Through no effort on his part, The Man is soon embroiled in such things as -- in no particular order -- a strange sort of S&M affair, an endless renovation project, a groom's performance anxiety, a treatment program run by a paranoid psychiatrist, a party where the host can't wait for his guests to leave and an agnostic's campaign to play God.

Enrapt as each of these people are in their own little world and petty problems, they take scant notice of The Man as anything more than a potential audience -- rendering these incidents all very real and believable, if somewhat cynical, reflections of our increasingly self-involved society. Panych even seems to have anticipated Facebook with a young man who collects friends like trophies.
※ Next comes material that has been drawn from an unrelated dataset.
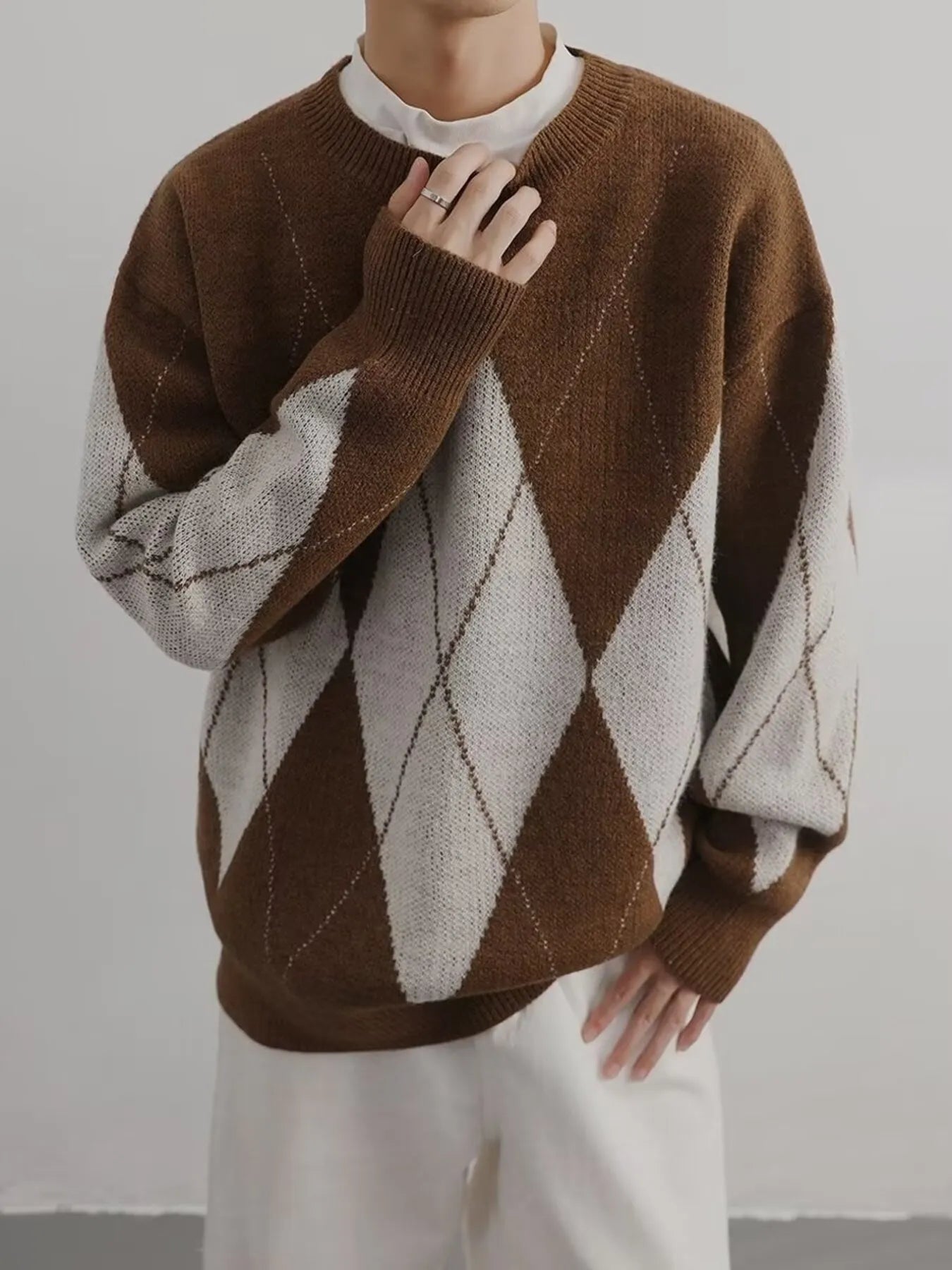 Brown and cream argyle oversized knit sweater with crew neck and ribbed cuffs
But under the direction of Dean Paul Gibson, the supporting cast charged with bringing this seventh-story zoo to life -- Damien Atkins, Christopher Hunt, Melody A. Johnson and Rebecca Northan -- seems to play only to the humour of their characters. They layer on such heavy dollops of funny business that they all but smother the natural black humour of the situation.

In the midst of all this frenetic mugging, Atkins finds moments of heart-touching honesty in his portrayal of a gay actor about to enter into the performance of a life-time, while Johnson all but steals the show in its penultimate scene, bringing life and wisdom to a shut-in senior with a touching world vision.

In these two performances, one catches glimpses of what 7 Stories has been and could be again.

Here, it appears everybody got so caught up in trying to be funny, no one noticed that the elevator stops a few stories short of its goal.